Baltes kennt sich aus: schon zum zweiten Mal hat er eine Motorrad-Wallfahrt für Soldaten organisiert. "Das ist ein ganz besonderes Erlebnis, viel intensiver, als wenn man mit dem Flugzeug ankommt", sagt er überzeugt. Für das nächste Mal wünscht er sich noch mehr Teilnehmer auf zwei Rädern.

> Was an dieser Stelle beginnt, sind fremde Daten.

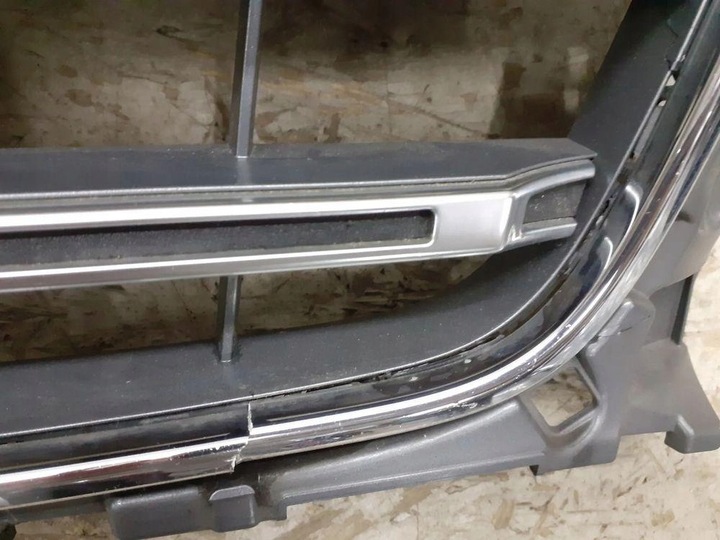 фото №7, Решётка радиатора решётка audi s3 8v 2013-2016r 8v3853651b/c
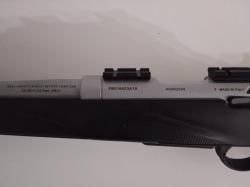 Franchi Horizon White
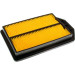 DENCKERMANN Luftfilter | A141351 DENCKERMANN Luftfilter | A141351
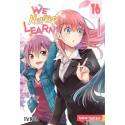 We Never Learn 16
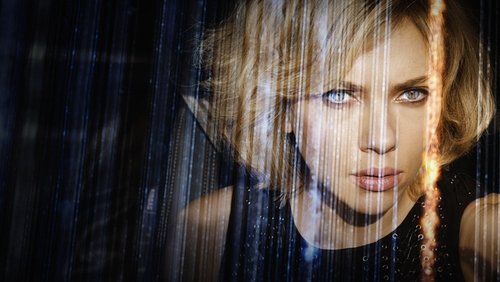 Lucy - Lucy Siêu Phàm - Hình 5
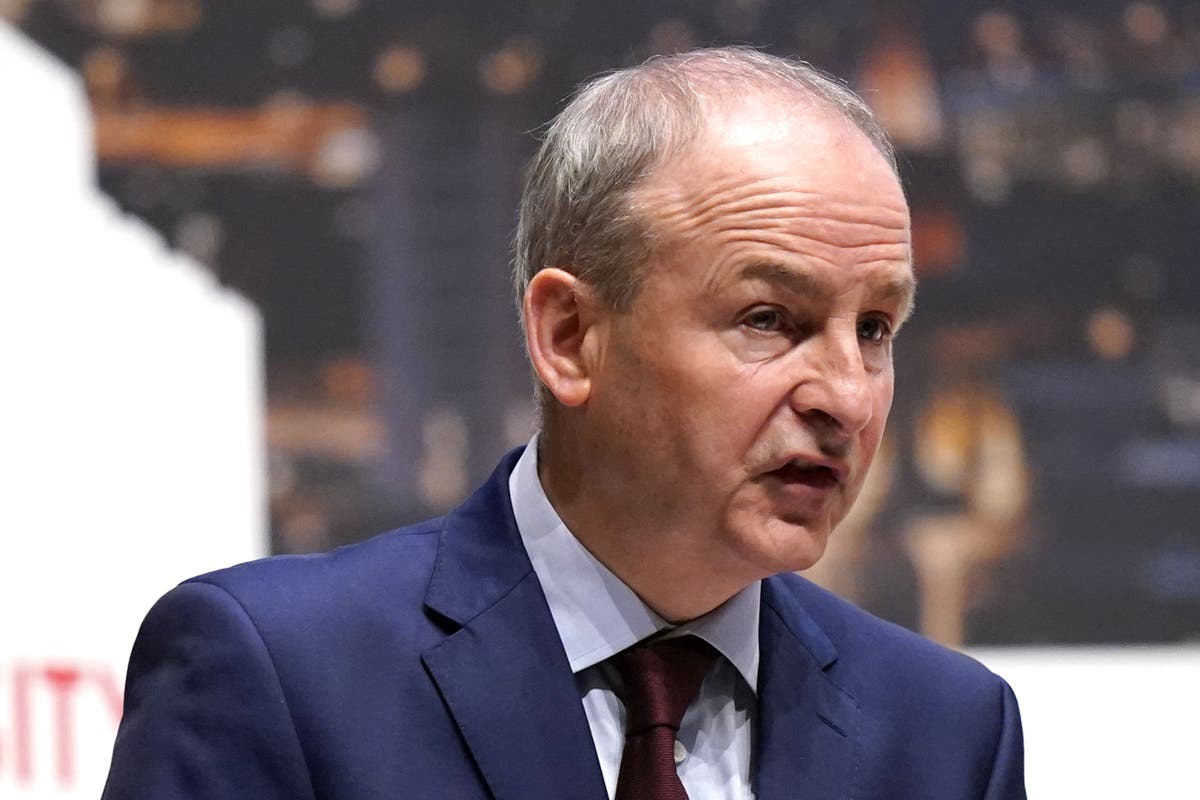 Irish Foreign Minister hails ‘significant’ talk around extra Stormont money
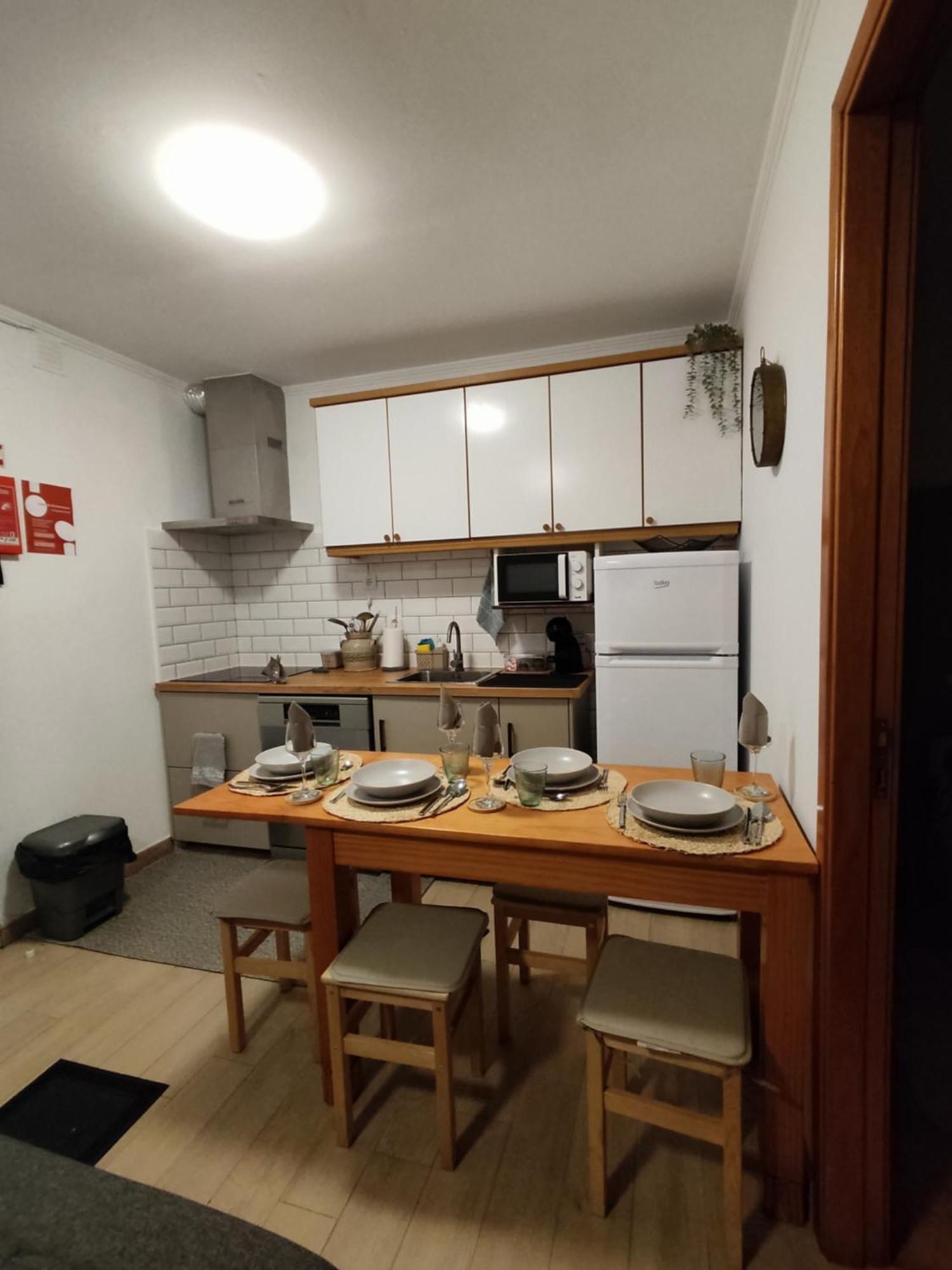 Appartement O Postigo à Praia da Vitória Extérieur photo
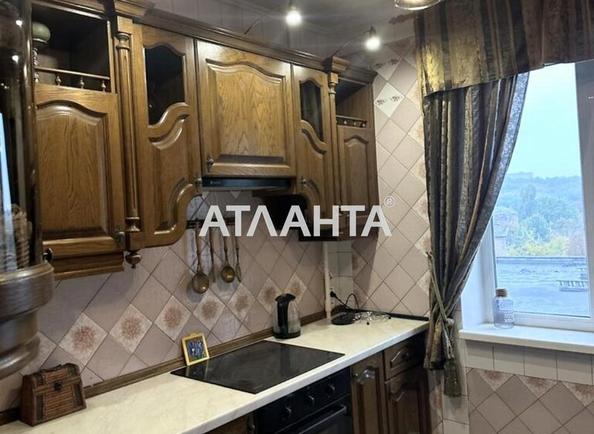 2-комнатная квартира по адресу ул. Ломоносова (площадь 51,8 м²) - фото 4 2-комнатная квартира по адресу ул. Ломоносова (площадь 51,8 м²) - Atlanta.ua - фото 4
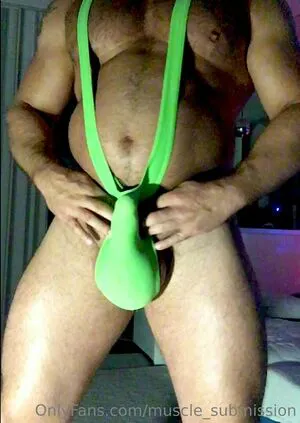 Muscle Submission OnlyFans Leaked Free Thumbnail Picture - #nYWwc1o27s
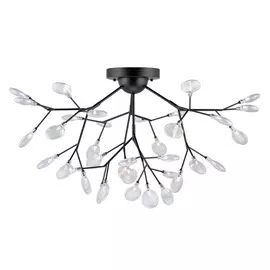 Потолочная люстра светодиодная Ветта 07521-27,19 (Kink Light)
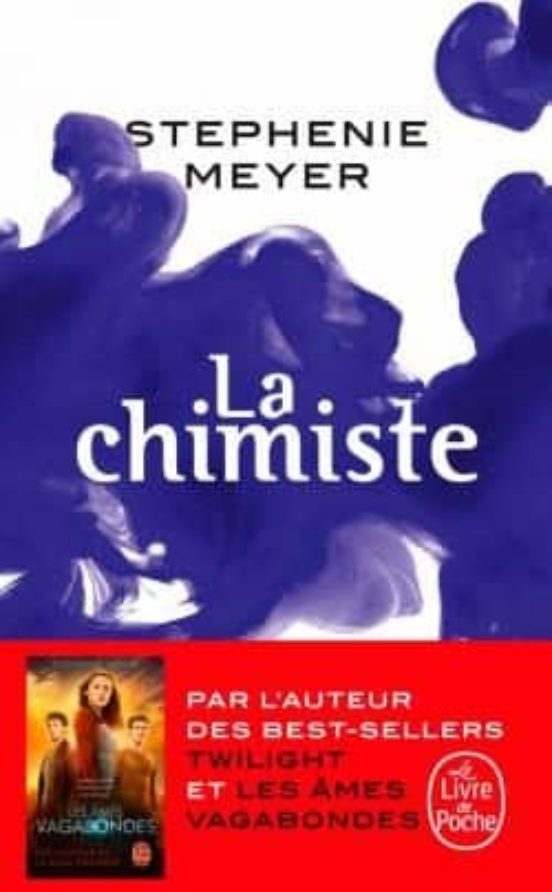 La Chimiste
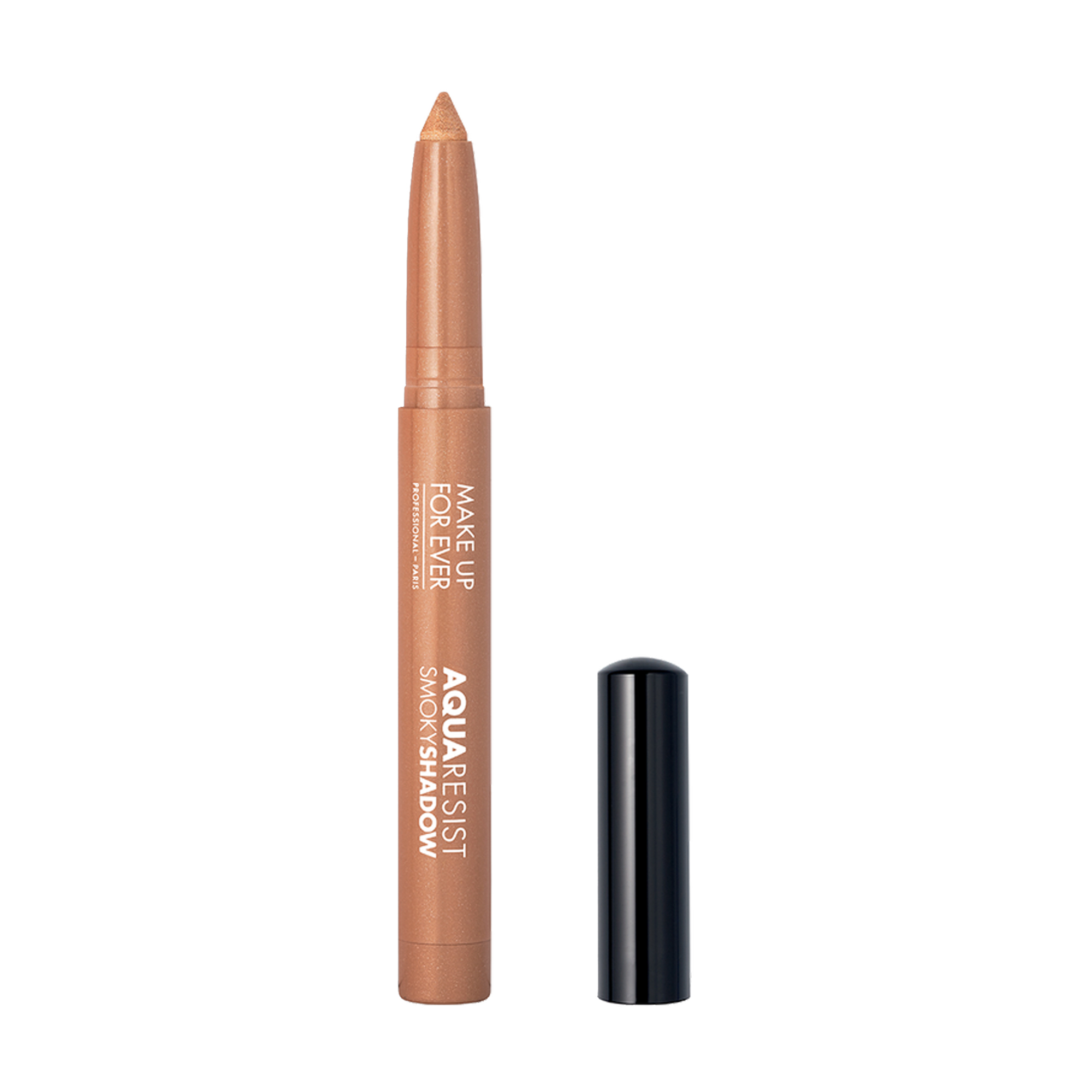 Водостійкі тіні для повік Make Up For Ever Aqua Resist Smoky Shadow 12 Sunrise, 1.4 г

Unteroffizier Atef Harden, der Gefreite Michael Lippke und der US-amerikanische Cadett Brett Lucas haben sich im Zeltlager kennengelernt, und sind schon gute Freunde. "Das ist für mich das Beste hier: die Gemeinschaft", sagt Harden. Für den gebürtigen Ägypter und Moslem hat die Reise in den katholischen Marienwallfahrtsort einen ganz besonderen Reiz: "Ich lerne hier sehr viel über den katholischen Glauben, und das ist wirklich spannend." Im nächsten Jahr will der 24-jährige auf jeden Fall wieder dabei sein. "Wir treffen hier mit so vielen Leuten aus anderen Ländern zusammen: Portugiesen, Österreicher, Amerikaner", schwärmt Lippke und zieht stolz verschiedene bunte Abzeichen aus der Tasche. Die werden in Lourdes gerne zwischen Soldaten getauscht. Besonders beliebt seien Sportabzeichen, erzählt der Gefreite. Und er geht noch einen Schritt weiter: "Morgen tausche ich meinen Trainingsanzug!" Der Gedanke an die Sportanzüge der Bundeswehr entlockt dem amerikanischen Kadetten Lucas ein Schmunzeln: so etwas gibt es bei seiner Truppe nicht. Lourdes findet der junge Soldat toll. "Die Mischung aus Glauben, Jubel und internationaler Begegnung ist einfach einmalig."